“Rule 3 makes it too easy for me to overspend. Anytime I want anything (a night out, a new pair of shoes, a new gadget), YNAB lets me rob my other categories – including Rainy Day funds and savings goals. I’m bugeting, but I’m not getting ahead!”
I’ve recently had a few emails expressing some version of this frustration, so I want to offer a couple tips to help you protect your “get ahead” money (Rainy Day categories, savings goals).
1. Look at your budget before you spend.
If you’re robbing your “European Vacation” category to cover your “Entertainment” overspending, it’s probably because you didn’t check you “Entertainment” category balance before agreeing to a night out with friends.
You’re less likely to steal from your bigger goals if you keep your budget in front of you. You’ll spend less time in reactionary “How am I going to cover this?” mode, and more time in “I can’t wait to buy my new Macbook” mode.
Get YNAB on your smart phone and check your category balances before you spend.
2. Only use discretionary dollars to pay back discretionary overspending.
If you overspend in ‘Restaurants,’ pay it back with some combination of ‘Entertainment,’ ‘Clothing,’ ‘Drinks,’ ‘Fun Money,’ or even ‘Groceries.’

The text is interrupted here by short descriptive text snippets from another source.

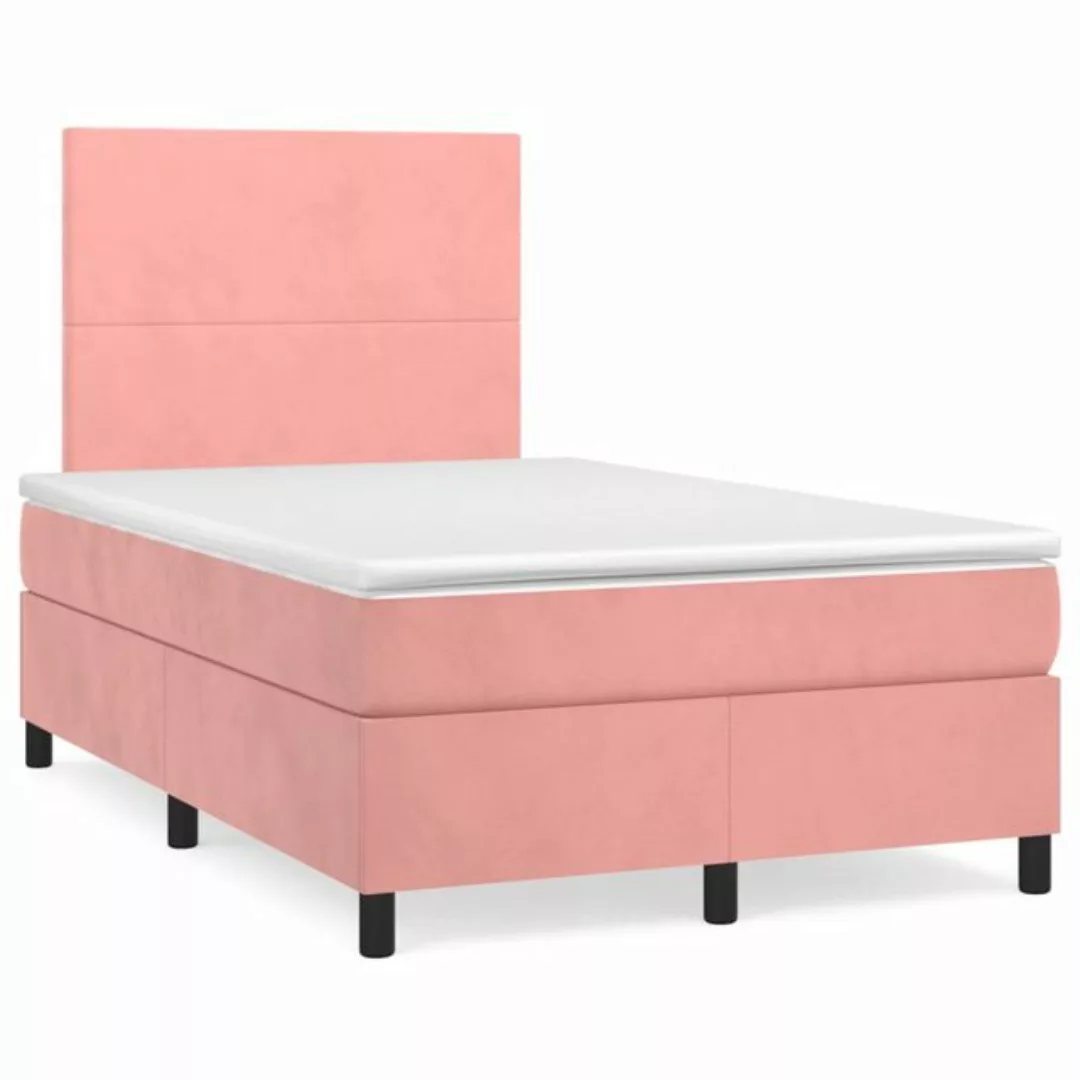 vidaXL Boxspringbett Boxspringbett mit Matratze Rosa 120x200 cm Samt Bett B günstig online kaufen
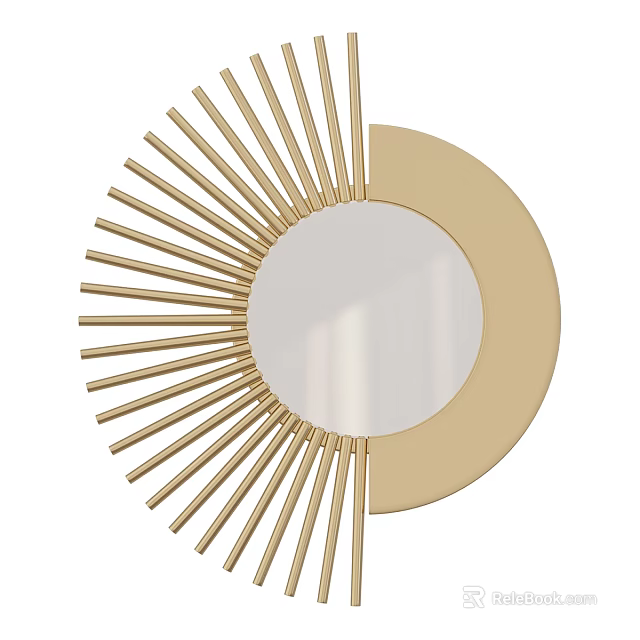 Modern Gold Sunburst Decorative Round Wall Mirror with Half Circle Frame Design 3d model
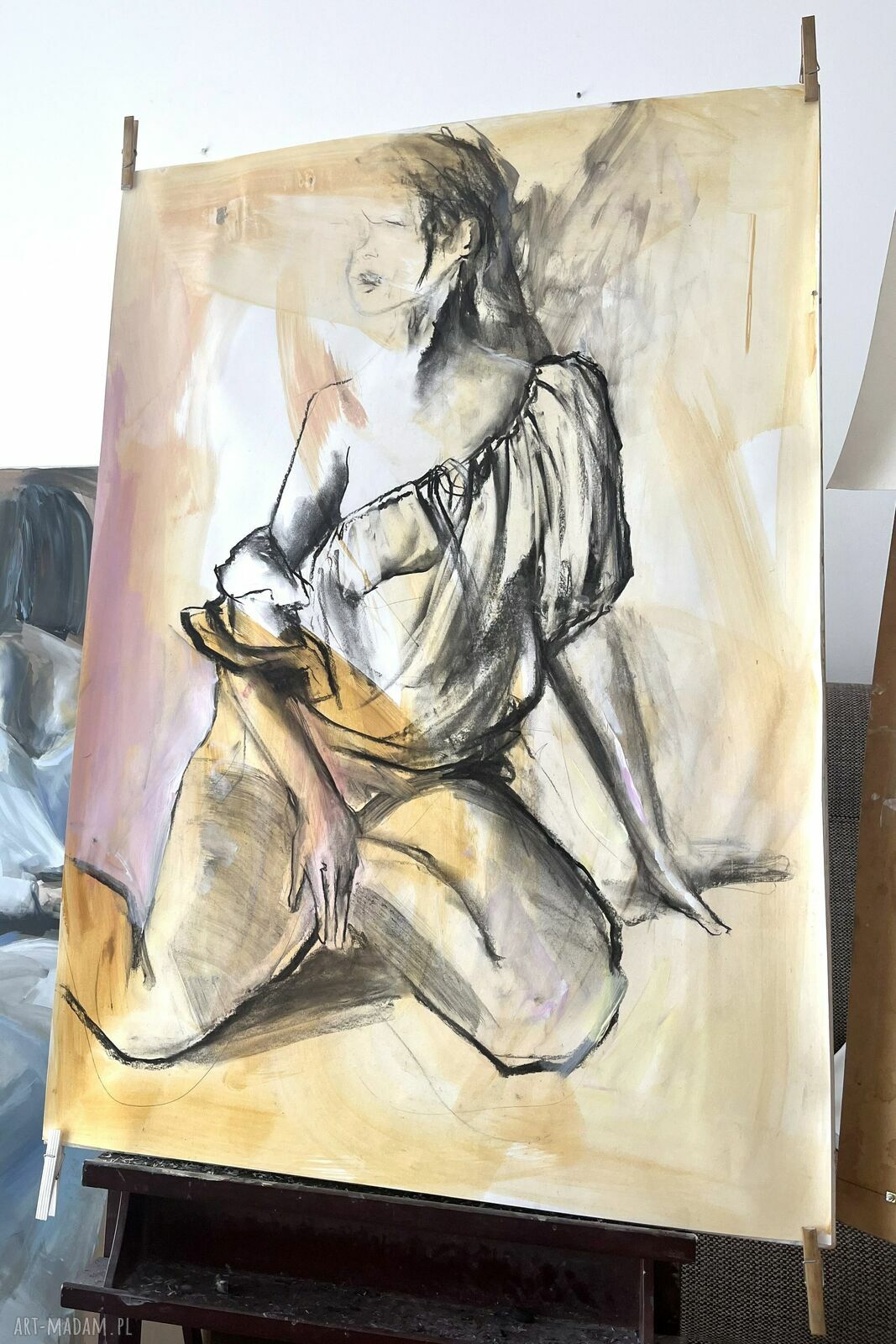 Lady 100x70 - kobiecy obraz akryl i węgiel na papierze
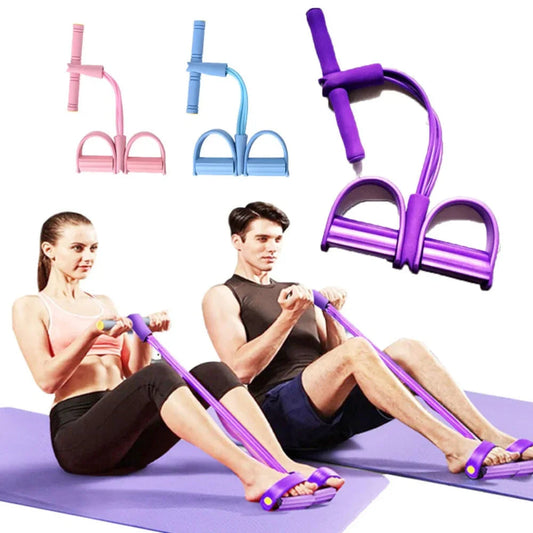 Fitness Gum 4 Tube Resistance Bands Latex Pedal Exerciser Sit-up Pull Rope Expander Elastic Bands Yoga equipment Pilates Workout exovai.com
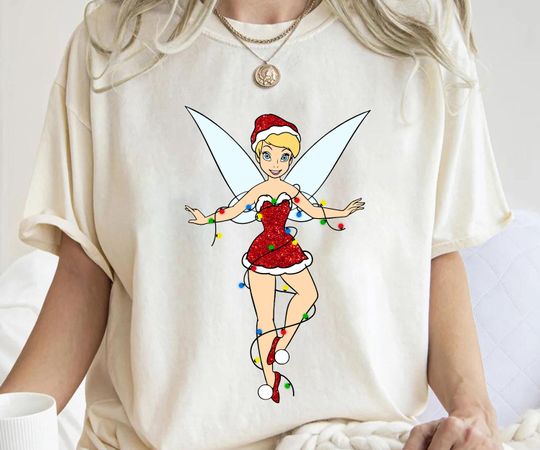 Disney Santa Tinker Bell Christmas Lights Shirt, Peter Pan Tinker Bell Christmas Shirt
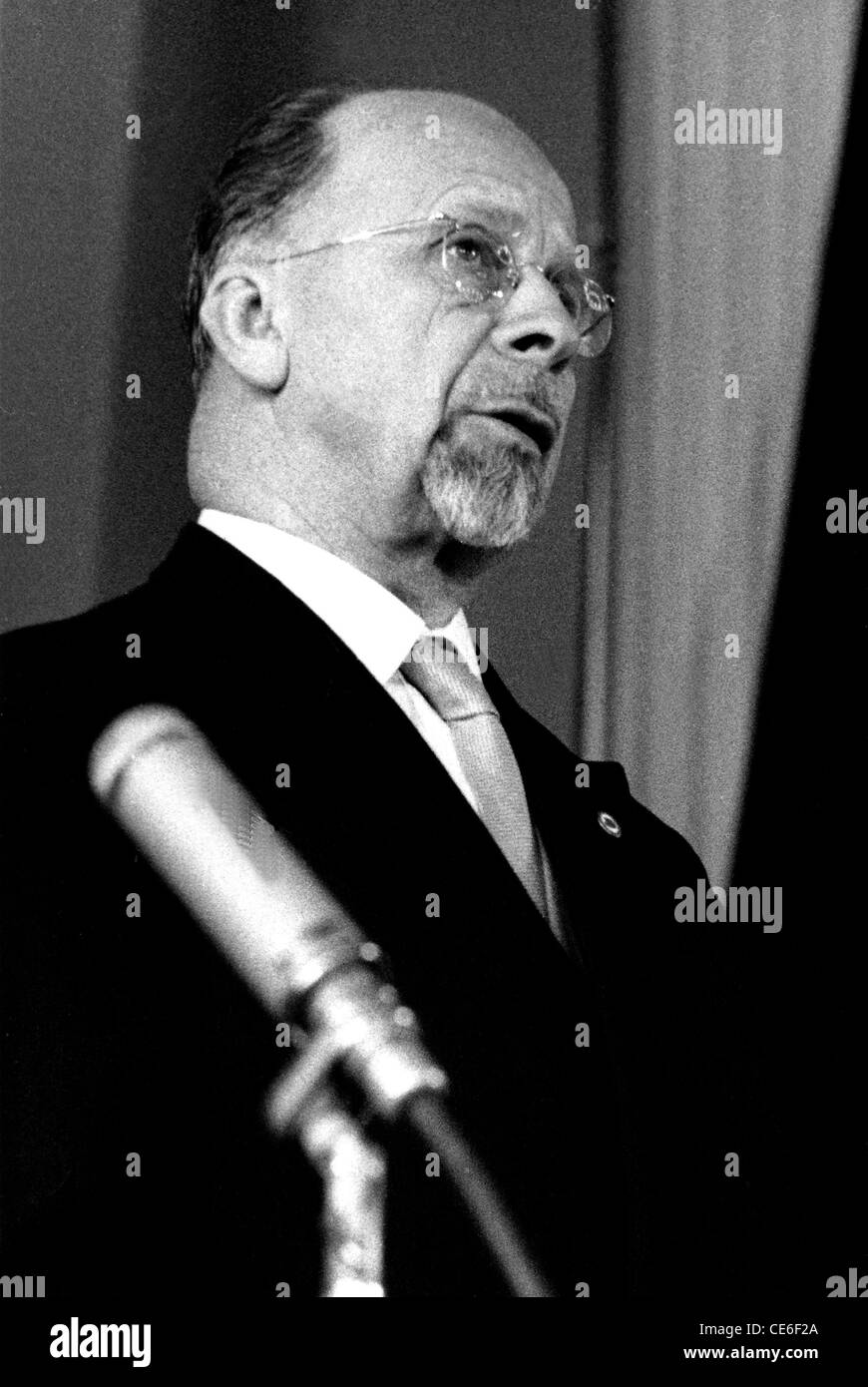 Walter Ulbricht at a Press conference in June 1961 in East Berlin for the making of the Berlin Wall. Stock Photo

Your “get ahead” dollars probably reside in YNAB master categories like “Rainy Day Funds” and “Savings Goals.” Imagine a one-way valve on those master categories: money flows in, but can’t flow back out (except to do the job it was originally assigned).
The other day I was talking to Bryan (a coaching client) and we decided YNAB needs to give some sort of bright flashing warning whenever you’re moving money from a long-term category to short-term category:
WARNING: YOU MIGHT BE WRECKING EVERYTHING. PROCEED WITH CAUTION. BETTER YET – DON’T.
Bottom line, when it’s time to cover overspending, repeat this mantra to yourself:
“I get ahead because I don’t use long-term money for short-term consumption.”